Bruno e Selma no banco traseiro, Ester na frente ao lado de Nestor que dirigia o carro a uma velocidade muito além da ideal.
Riam, namoravam e vibravam com a adrenalina da velocidade, do álcool, da excitação.
De repente, um momento de descuido e o carro saiu da estrada e rolou em uma ribanceira.
Ester faleceu na hora, Bruno teve uma perna quebrada e Selma o rosto desfigurado.
Nestor saiu milagrosamente ileso.
Os dias que se seguiram foram de muita angústia.
Bruno corria o risco de perder a perna e Ester jamais voltaria a ser a linda moça que fora.
Nestor foi acusado de direção perigosa, excesso de velocidade, lesões corporais, homicídio doloso e acabou entrando em um estado de profunda depressão.
O sentimento de culpa, incessantemente o martirizava.
Os amigos, submetidos a prolongados tratamentos, se afastaram e dentro de algum tempo o acidente foi ficando esquecido para todos, menos para o Nestor.
Largou os estudos, perdeu o emprego e foi se acabando aos poucos para desespero de seus amigos e familiares.
Até que um dia, caminhando ao longo da praia, solitário e pensativo teve uma surpresa.
Quem vinha lá?
Estavam muito diferentes, mas Nestor os reconheceria em qualquer situação, pois suas imagens não lhe saiam por um momento da cabeça.
Bruno mancava um pouco e Selma tinha uma grande cicatriz no rosto.
Mas estavam alegres, casados, com um filhinho, felizes.
Encontraram-se e o casal dirigiu-se amavelmente a ele:
- Nestor!

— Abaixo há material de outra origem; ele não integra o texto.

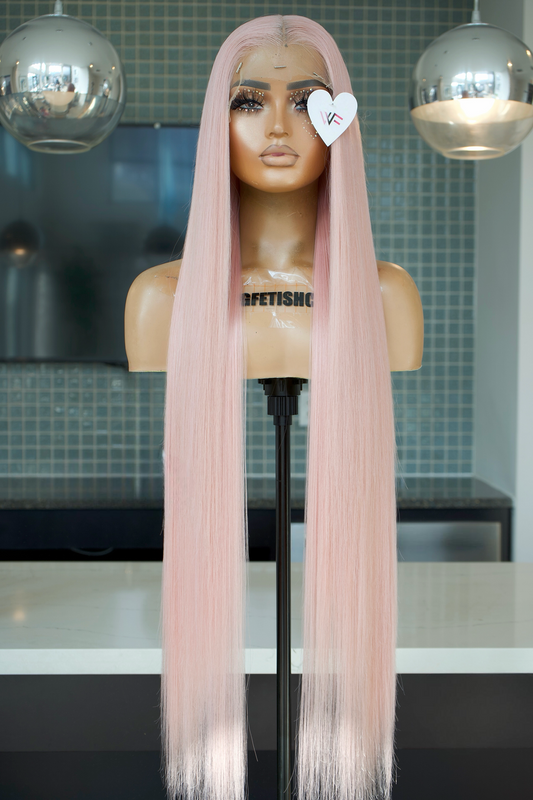 PINK 13x4 40-Inch Lace Frontal Premium Fiber Blend Wig - Heat-Resistant, Luxury Long Wig for Glamorous Styling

Que surpresa! Mas, você parece abatido, não está bem?
- Estou péssimo! Nunca me perdoei pelo que eu fiz a vocês. Sei que vocês não me perdoaram.
Não conseguiu conter as lágrimas. Desde o acidente chorava à menor emoção.
- Que bobagem! Foi uma fatalidade. Já faz tanto tempo, esqueça isso. Já passou.
- Mas ficaram as cicatrizes...
- E daí? Cicatriz não doe.
- Pior são as feridas da alma que nunca cicatrizam.
- Cicatrizam, sim! Nós nunca o condenamos pelo que aconteceu, pois estávamos todos coniventes com o abuso. Não temos o que perdoar-lhe. Você é que precisa perdoar-se e retomar sua vida.
A partir de então, Nestor começou a reconstruir sua vida, lembrando das palavras do Bruno:
- Feridas da alma também cicatrizam e cicatrizes não doem.